Или чтоб тебе их наплакали, ведь их уже льют, эти слезы.
подождать его, в полном смятении, но все же чувствуя, что подождать его надо
непременно, потому что уйти от него в эту минуту -- все равно что дать ему
упасть в бездну (с тараканами и разноцветным тряпьем), она увидела, что он
улыбается и что улыбка эта -- не ей. Никогда она не видела, чтобы он
улыбался так: улыбка жалкая, но лицо открыто и обернуто к ней, без обычной
иронии, словно внимал чему-то, что шло к нему из самой сердцевины жизни, из
той, другой, бездны (где были тараканы, разноцветное тряпье и лицо, плывущее
в грязной воде), и он, внимавший тому, что не имело названия и заставляло
его улыбаться, становился ей ближе. Но поцеловал он не ее, и произошло это
не здесь, в смехотворной близости от холодильника с мертвецами и от спящего
Ману.
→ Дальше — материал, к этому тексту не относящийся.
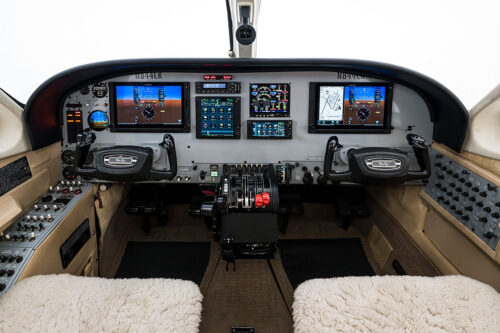 Avionic panel upgrade Cessna 421c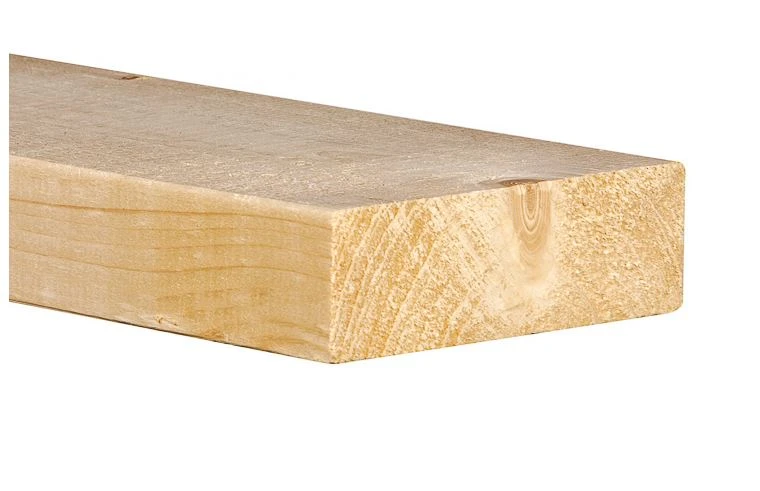 Vuren Regel 4.4 x 14.5 cm (44 x 145 mm) Geschaafd - Lengte 360 cm OP = OP - Afbeelding 1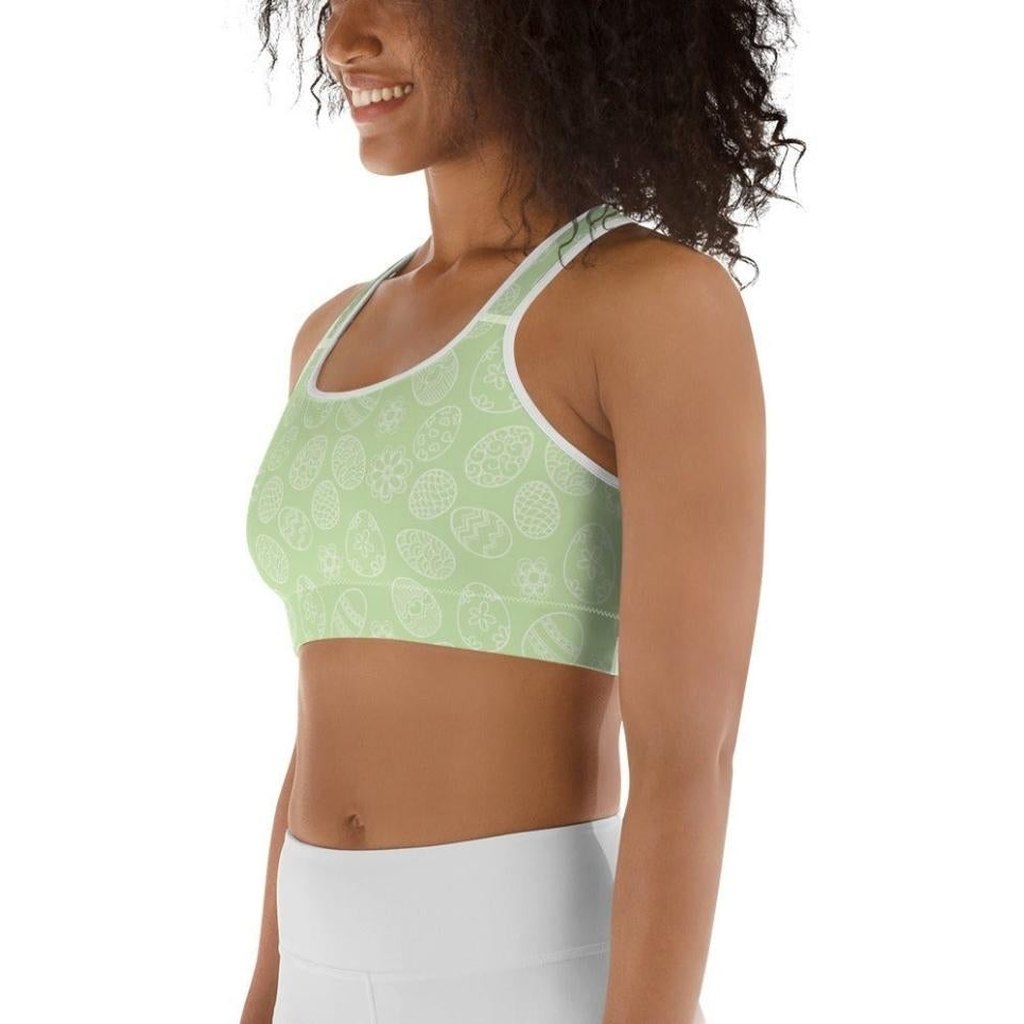 Peeking Easter Bunny Sports Bra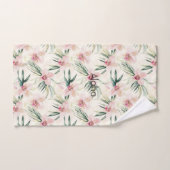 Rosa Creme-Orchideen-Blüten  Badhandtuch Set (Handtuch)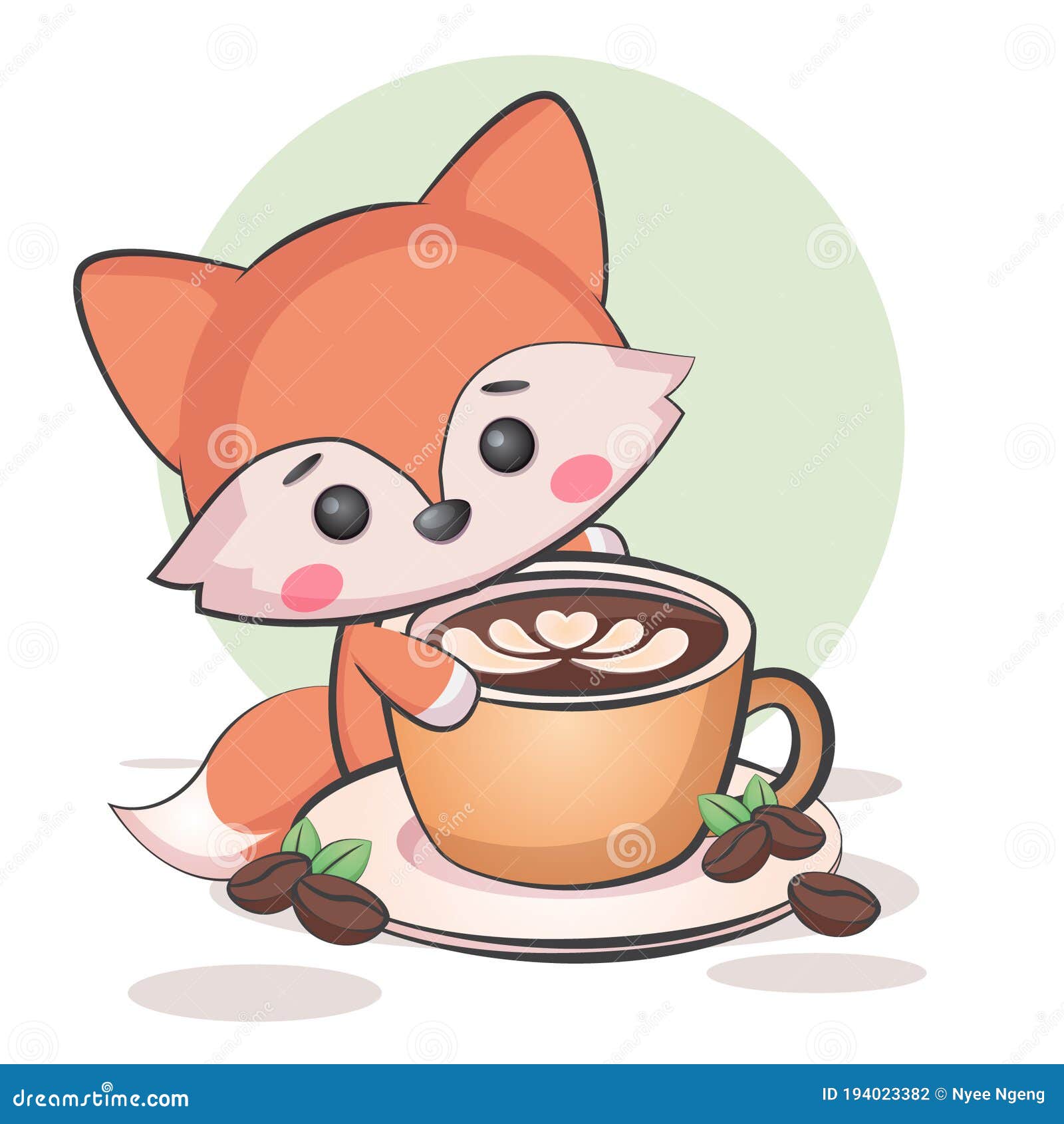https://thumbs.dreamstime.com/z/kawaii-coffee-fox-cute-animal-drawing-poster-merchandising-premium-vector-character-baby-shower-kids-194023382.jpg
Они как будто добирались друг к другу откуда-то совсем с другой
стороны, с другой стороны самих себя, и сами они тут были ни при чем, они
словно платили или собирали дань с других, а сами были всего-навсего
големами неосуществимой встречи их хозяев. И Флегрейские поля, и то, что
Орасио бормотал насчет спуска вниз, -- это представлялось такой нелепицей,
что и Ману, и все, что было Ману, и все, что находилось на уровне Ману,
никак не могло в этом участвовать; тут начиналось иное: все равно как
гладить голубя, или встать с постели и приготовить лимонад дежурному, или,
поджав ногу, прыгать с камешком из первой клетки во вторую, из второй -- в
третью. Каким-то образом они вступили в иное, туда, где можно одеться в
серое, а быть в розовом, где можно давным-давно утонуть в реке (а это не она
так думала) и появиться ночью в Буэнос-Айресе, чтобы на клетках классиков
воспроизвести образ того, к чему они только что пришли: последнюю клеточку,
центр мандалы, головокружительное древо Иггдрасиль, откуда можно выйти на
открытый берег, на безграничный простор, в мир, таящийся под ресницами, в
мир, который взгляд, устремленный внутрь, узнает и почитает.